|
Lettre
sur Alger.
D'Alger...
Ne
vous attendez pas, mon ami, à recevoir des observations sur le gouvernement
de ce pays : ce n'est pas que je n'en aie quelques unes à vous communiquer
; mais je vous dirai, comme Cicéron à Atticus : Mihi
quædam occurunt, sed ea coram..... (J’ai bien quelque chose
à dire ; mais je le réserve pour le tête-à-tête. )
Les
états d'Alger sont habités par différentes races d'hommes, aussi
distinctes par leur figure, leurs mœurs, leur langage, que par leur
origine. On y voit des Arabes, sujets du dey, et d'autres qui ne
le sont pas. Tous se distinguent des habitants du pays par un langage
différent, par une fierté et une rudesse de mœurs extraordinaires,
et surtout par un goût extrême d’indépendance. Leurs troupeaux font
toutes leurs richesses. Rarement sortent-ils des bois ou descendent-ils
des montagnes ; et, lorsqu’ils paraissent dans la plaine, ce n’est
jamais qu’en prenant les plus grandes précautions pour se mettre
à l’abri de toute surprise. Ils ont un chef particulier, qu’ils
appellent sheick, et qui
est, à
la fois, leur juge, leur docteur et leur
général. Cette classe d’arabes devient tous les jours moins nombreuse
: la politique des deys s’attache à empêcher leur accroissement,
et dans cette vue, on ménage extrêmement les Arabes
sujets,
afin de leur
ôter toute idée de se joindre aux indépendants.
On
ne compte guère plus de 150 noirs vendus chaque année comme esclaves
dans le pays. Les négresses sont employées par leurs maîtres aux
travaux domestiques. Quelquefois elles deviennent leurs maîtresses,
et même leurs épouses, ce qui pourtant est extrêmement rare. Il
arrive aussi que la première éducation des enfants leur est confiée,
mais les parents ont presque toujours lieu de s’en repentir.
Les
nègres ne sont pas très malheureux chez les Algériens ; ils jouissent
d'une assez grande liberté, et la loi les mettrait à l’abri de tous
mauvais traitements, si elle était exécutée
; mais cela est impossible. Ni les chrétiens, ni les juifs, ne peuvent
avoir pour esclave un nègre qui s’est fait mahométan. D’ailleurs,
il est des circonstances solennelles, telles qu’une fête, un mariage,
surtout une mort, où les nègres obtiennent gratuitement leur liberté.
On
distingue parmi les chrétiens esclaves deux classes différentes,
les esclaves prisonniers et
les esclaves volontaires.
Les premiers, en sortant du vaisseau, sont, avant tout, conduits
au dey, qui choisit parmi eux ceux qui lui conviennent ; les autres
sont vendus sur la place publique à l’enchère.
Les
personnes marquantes de l'équipage pris, le capitaine, le chirurgien,
etc., sont traités communément avec plus d'égards que les autres
; cependant ils travaillent comme eux dans les ateliers de la marine,
et la nuit, on les renferme avec eux dans les bagnes. Les femmes
et les enfants restent ordinairement attachés au service intérieur
du palais, ou sont achetés par des particuliers qui les emploient
chez eux aux mêmes fonctions. Les prisonniers de première distinction
appartiennent de droit au dey, qui, presque toujours, leur permet
de s’établir chez quelque chrétien libre.
Les
esclaves volontaires sont
tous déserteurs d'Oran et de Masalquivir. Il y a parmi eux des hommes
de toutes les nations ; et l'on peut dire qu’ils en sont la lie.
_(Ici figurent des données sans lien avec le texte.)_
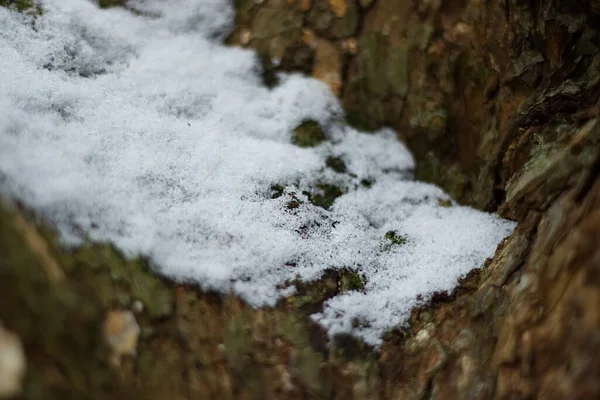 森の中の雪に覆われた木 — ストック写真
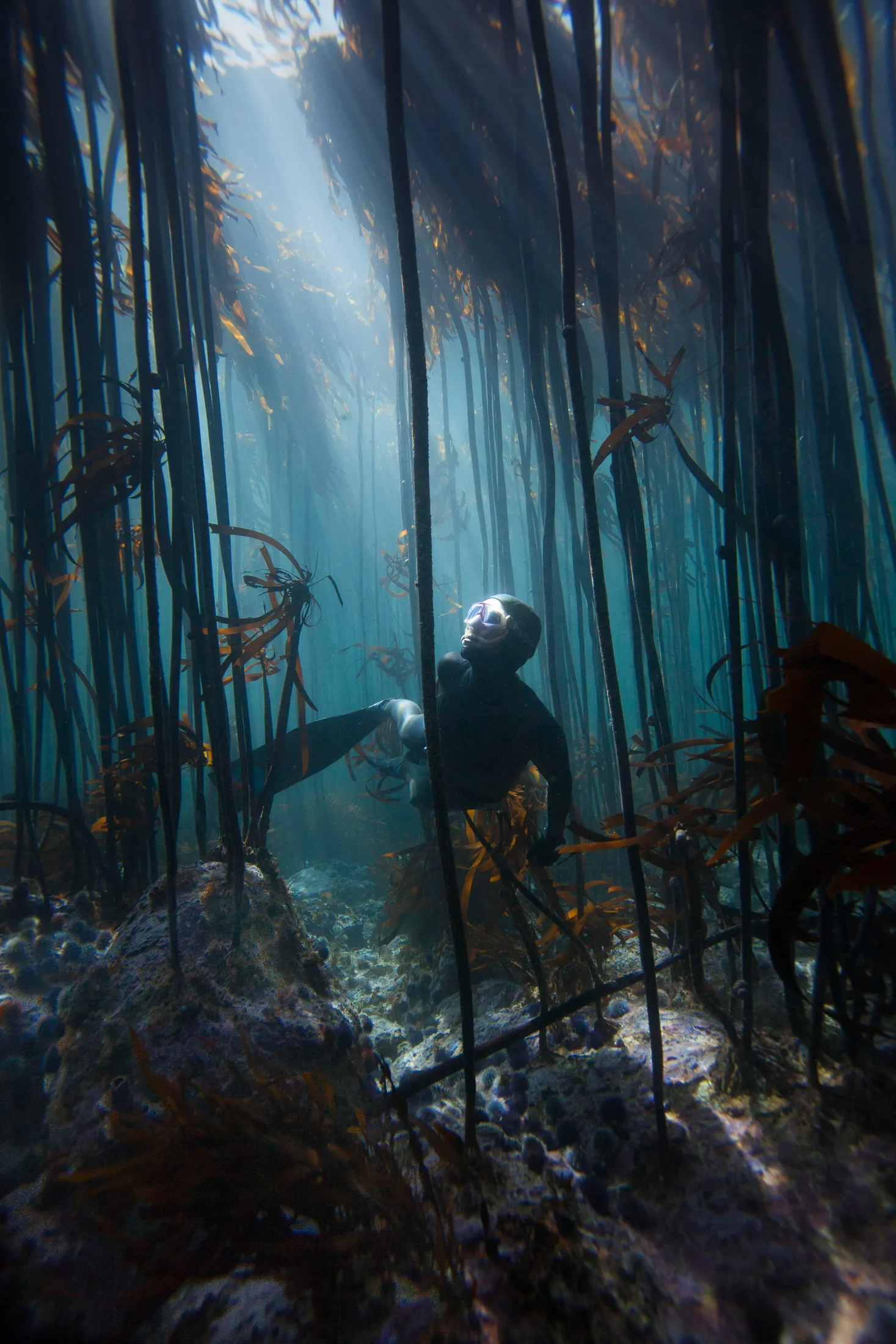 Explore the New Seven Wonders of the World - Bloomberg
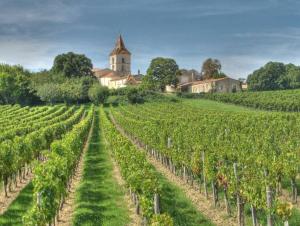 Maisons de vacances La Casa CALM entre vignoble et estuaire : photos des chambres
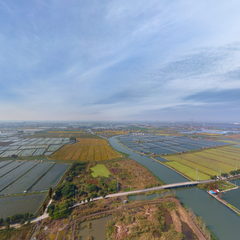 嘉善姚庄镇地块（2018年11月）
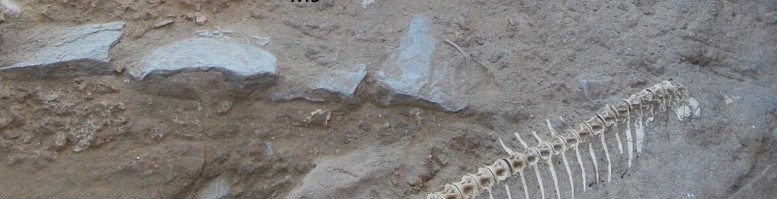 Restos arqueozoológicos de atunes (Baelo Claudia, 2004)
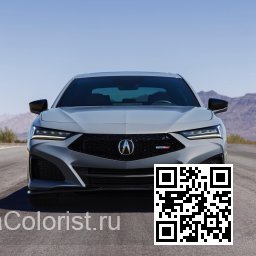 TLX 2 | NH912P - URBAN GRAY, URBAN GRAY PEARL, SLATE GRAY PEARL (с 2023) 2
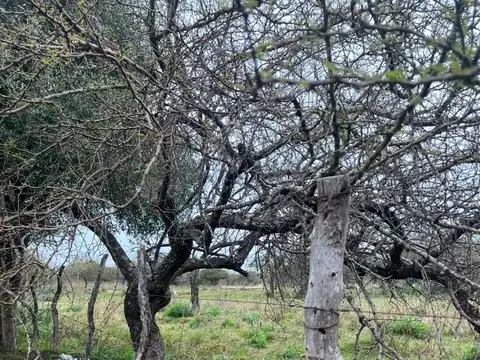 Campo en Venta de 10  ha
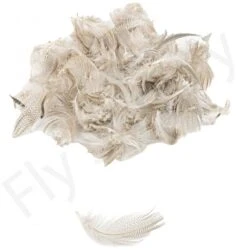 Mallard Flank -Fishing Specialty Store Mallard flank 40 92XXX dsc09448 bewerkt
La plupart, sortis de leur pays pour se soustraire à la justice
des lois, devenus depuis soldats en Espagne, ont été condamnés pour des crimes nouveaux
à passer le reste de leurs jours dans la forteresse d’Oran, d’où
ils s’échappent, quand ils le peuvent, préférant l’esclavage d’Alger
à l’horreur des cachots espagnols. J’ai trouvé parmi eux, dit notre
voyageur, des Allemands, des Français, des Italiens, quelques Anglais,
des Suisses, des Portugais, des Polonais, des Prussiens, mais de
ceux-ci en petit nombre. Je n’y ai vu aucun Hollandais, ni Danois,
ni Suédois, ni Russe. Tous ces hommes, devenus plus vils encore dans l’esclavage,
ont acquis au plus haut degré toute l’impudence
et le calme de la scélératesse, surtout ceux qui sont parvenus à
un âge avancé. Les jeunes conservent du moins les apparences du
remords, et laissent entrevoir quelque désir de pouvoir, en recouvrant
la liberté, expier, par une conduite moins coupable, les crimes
dont ils se sont souillés.
On
a beaucoup exagéré les mauvais traitements que les esclaves ont
à essuyer. Il est faux qu'on exige d'eux des travaux au-dessus de
leurs forces et leur nourriture n'est pas trop mauvaise. Ce qu’il
y a de plus cruel pour eux, est d’être renfermés toutes les nuits
dans les bagnes, où l’air empesté et la malpropreté de toute espèce
rendent le séjour souvent mortel et toujours très malsain. Ceux
des esclaves que leur
éducation et leurs sentiments distinguent
des autres, éprouvent, outre cela, le dégoût de se trouver confondus
parmi les plus vils scélérats. Ceci ne regarde que ceux qui, devenus
esclaves publics, sont employés dans les ateliers
de la marine.
La
conditions des esclaves vendus à des particuliers est beaucoup moins
malheureuse. Quelquefois des chrétiens
libres
obtiennent, en consignant comme caution une certaine somme, la permission
de prendre chez eux quelques esclaves dont ils font leurs domestiques.
Ceux de ces domestiques qui ont de l’intelligence parviennent à
amasser quelques fonds, au moyen desquels ils deviennent aubergistes
ou marchands de vin ou d’eau-de-vie dans les villes, et finissent
quelquefois par se faire une fortune assez considérable.
Il
est rare que les esclaves volontaires recouvrent leur liberté, à
moins que le gouvernement de leur nation ne les rachète en masse.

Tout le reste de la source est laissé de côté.